この世は戦乱の世。時は16××年。400年後程経って、その時代は『江戸時代』と呼ばれていた。
日本史の教科書を開いてみれば、徳川家康、徳川吉宗といった、徳川家による幕藩体制で知られる。
しかし、現代では語られなかった歴史の真実が必ずしも存在する。隠された秘宝、誰も知らない絶景、時代ごとに変わる人々、その時代にあった決まり。
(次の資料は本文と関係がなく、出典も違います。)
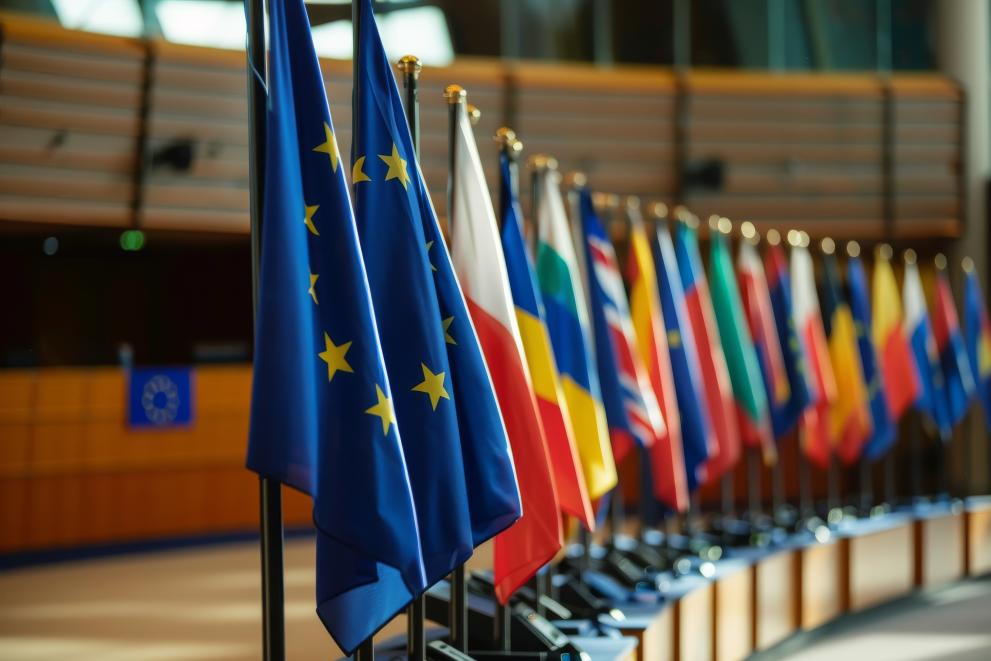 Picture showing a row of flags: first the flag of the EU and then those of its Member States.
それら全てを知っている者など、この世にはもはや生存していないだろう。
これから語られることは、実際にあったかどうかはともかく、昔の人間の生き様を勝手ながら想像したものであり、架空の人物、建物、地名などが登場するので、いないとは思うが、くれぐれも歴史の勉強としては読まないでほしい。
ある平野地帯のほぼ中心地に位置する、沢出村。豊かな緑に囲まれたこの村は、涼しげに流れる川と、種類豊富な動物たちに恵まれていた。
この村の住人は皆、共通したある特別な力を持っている。
「音を作り出す力」。自然から流れる音の下に育った村人たちは、皆自分自身で音を作り出すことができる。
歌を歌う者、いろいろな材料で楽器を作る者、はたまた動物たちと共に音を奏でる者。
普通のように思えるが、この村の人々は、他の者とは違う何かを持っていた。例えば、歌を歌う者は、人とは思えない音を出し、楽器を作る者は、常人では複雑すぎて演奏できないような楽器を作り出す。この自然環境から流れ出る音たちが、村人に大きな力を与えたのだ。
この特別な村の中に、ただ一人、刀を持つ者がいた。本来この村の人々は、戦いを好まない。いくら江戸時代といえども、のどか過ぎるこの村に来る武士などいなかった。だから、戦もせず、武器も持たない。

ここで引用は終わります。